Rannala Bruce
Department of Medical Genetics, University of Alberta, Edmonton, Alberta, T6G 2H7, Canada.
Syst Biol. 2002 Oct;51(5):754-60. doi: 10.1080/10635150290102429.
Methods for Bayesian inference of phylogeny using DNA sequences based on Markov chain Monte Carlo (MCMC) techniques allow the incorporation of arbitrarily complex models of the DNA substitution process, and other aspects of evolution. This has increased the realism of models, potentially improving the accuracy of the methods, and is largely responsible for their recent popularity. Another consequence of the increased complexity of models in Bayesian phylogenetics is that these models have, in several cases, become overparameterized. In such cases, some parameters of the model are not identifiable; different combinations of nonidentifiable parameters lead to the same likelihood, making it impossible to decide among the potential parameter values based on the data. Overparameterized models can also slow the rate of convergence of MCMC algorithms due to large negative correlations among parameters in the posterior probability distribution. Functions of parameters can sometimes be found, in overparameterized models, that are identifiable, and inferences based on these functions are legitimate. Examples are presented of overparameterized models that have been proposed in the context of several Bayesian methods for inferring the relative ages of nodes in a phylogeny when the substitution rate evolves over time.

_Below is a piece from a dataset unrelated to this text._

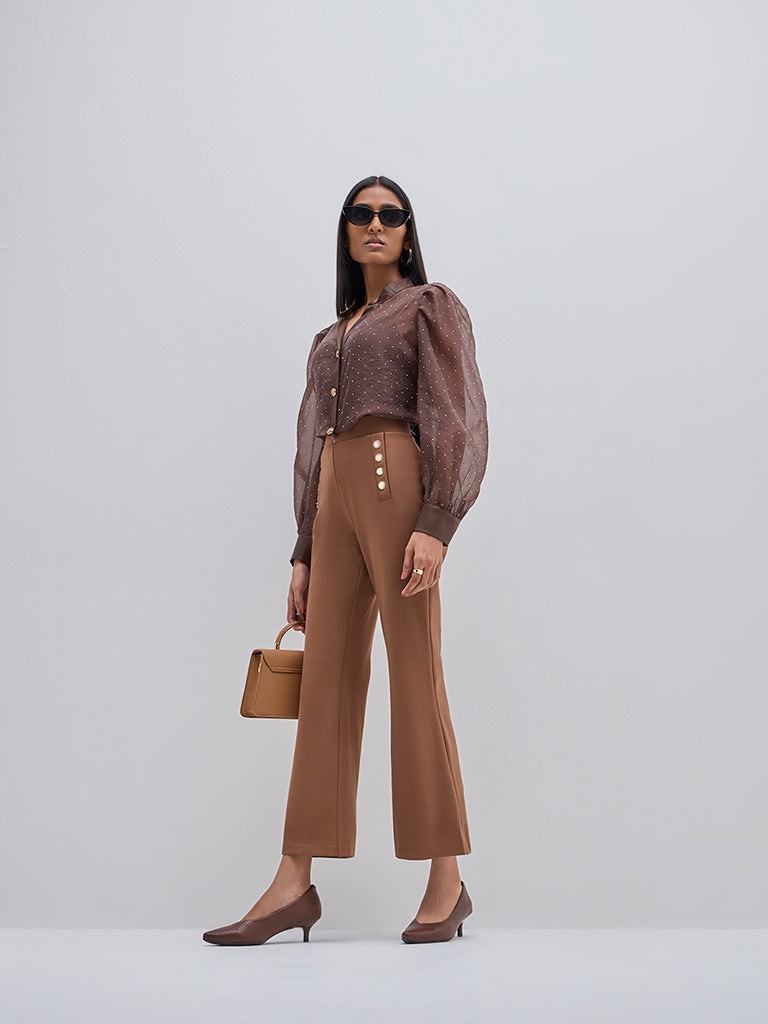 Wardrobe Brown High-Rise Wide-Leg Trousers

基于马尔可夫链蒙特卡罗(MCMC)技术,利用DNA序列进行系统发育贝叶斯推断的方法,允许纳入任意复杂的DNA替换过程模型以及进化的其他方面。这提高了模型的真实性,有可能提高方法的准确性,并且在很大程度上促成了它们最近的流行。贝叶斯系统发育学中模型复杂性增加的另一个后果是,在几种情况下,这些模型变得参数过多。在这种情况下,模型的一些参数无法识别;不可识别参数的不同组合会导致相同的似然性,使得无法根据数据在潜在参数值之间做出决定。由于后验概率分布中参数之间存在较大的负相关性,参数过多的模型也会减慢MCMC算法的收敛速度。在参数过多的模型中,有时可以找到可识别的参数函数,基于这些函数的推断是合理的。文中给出了一些参数过多模型的例子,这些模型是在几种贝叶斯方法的背景下提出的,用于在替换率随时间变化时推断系统发育中节点的相对年龄。